§ TRY IT
From the line with "Wrapping Paper" to the line with "Husqvarna Arbeitsjacke Technical Extreme L", output every line below exactly, both ends included. Skip the pictures.

§ EXERCISE MATERIALS

——

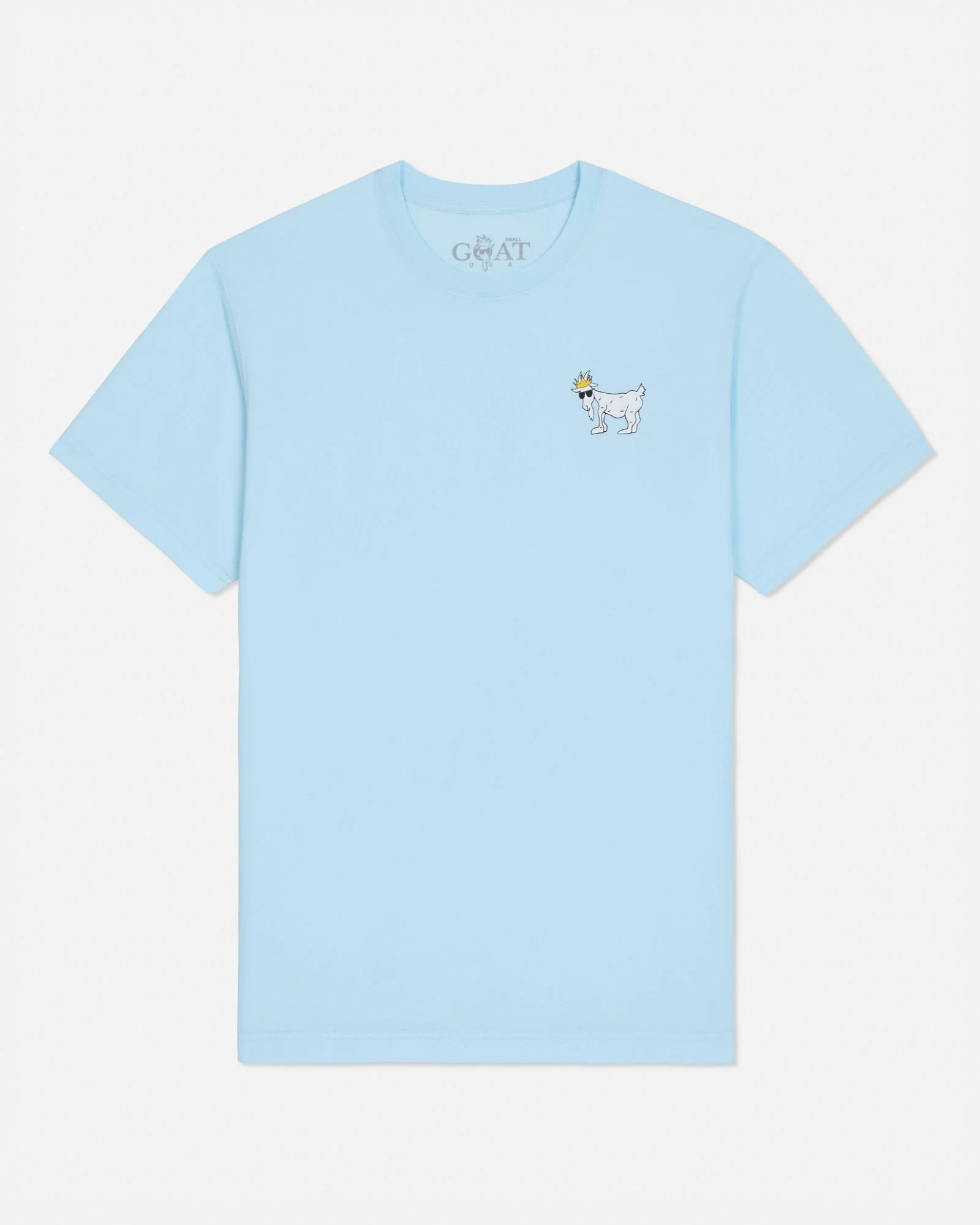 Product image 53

——

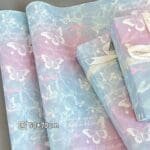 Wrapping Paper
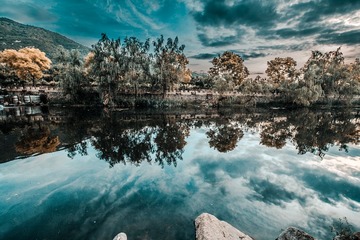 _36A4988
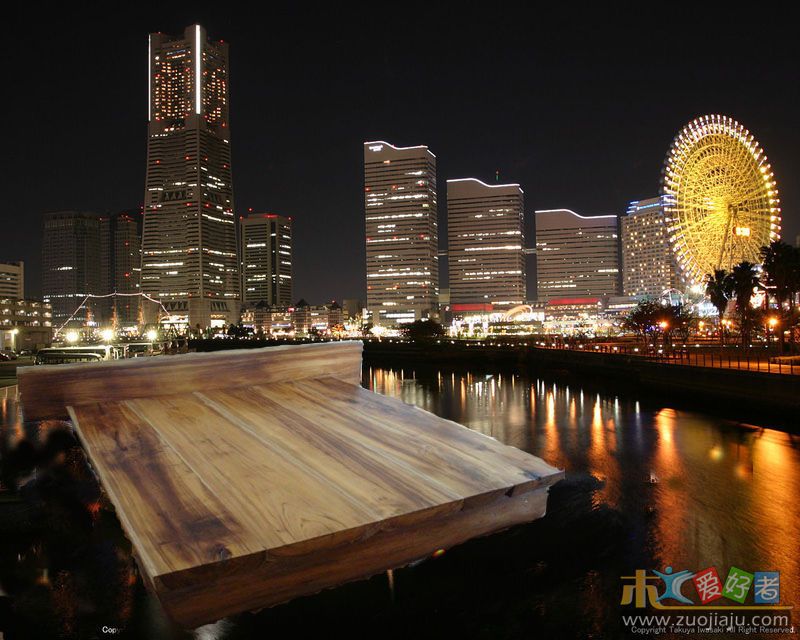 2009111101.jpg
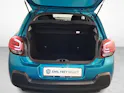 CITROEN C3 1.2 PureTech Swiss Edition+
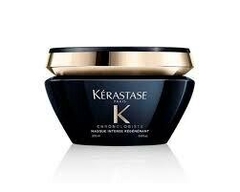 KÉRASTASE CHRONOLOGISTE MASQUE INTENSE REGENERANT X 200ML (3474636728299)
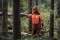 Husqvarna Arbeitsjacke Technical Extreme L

——

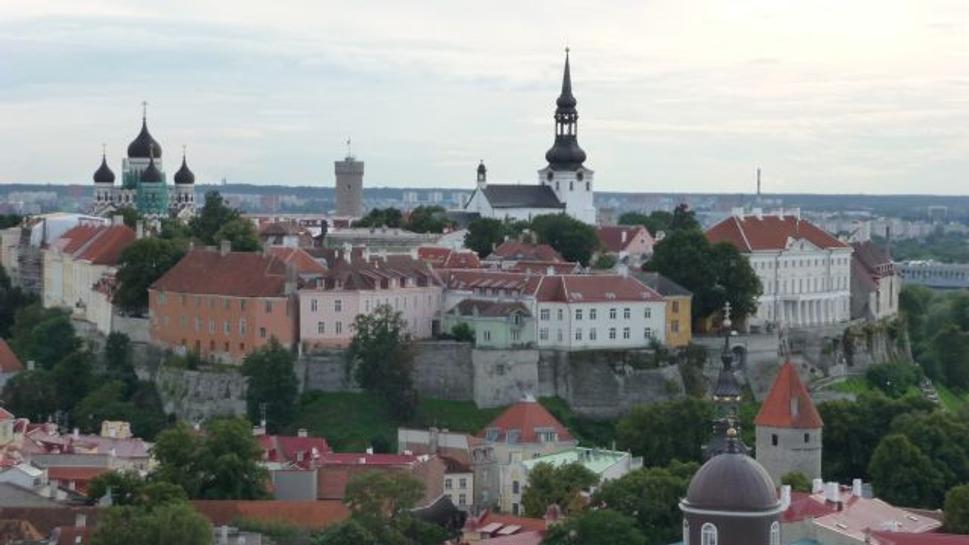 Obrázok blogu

——

§ RESPONSE TO THE EXERCISE
 Wrapping Paper
 _36A4988
 2009111101.jpg
 CITROEN C3 1.2 PureTech Swiss Edition+
 KÉRASTASE CHRONOLOGISTE MASQUE INTENSE REGENERANT X 200ML (3474636728299)
 Husqvarna Arbeitsjacke Technical Extreme L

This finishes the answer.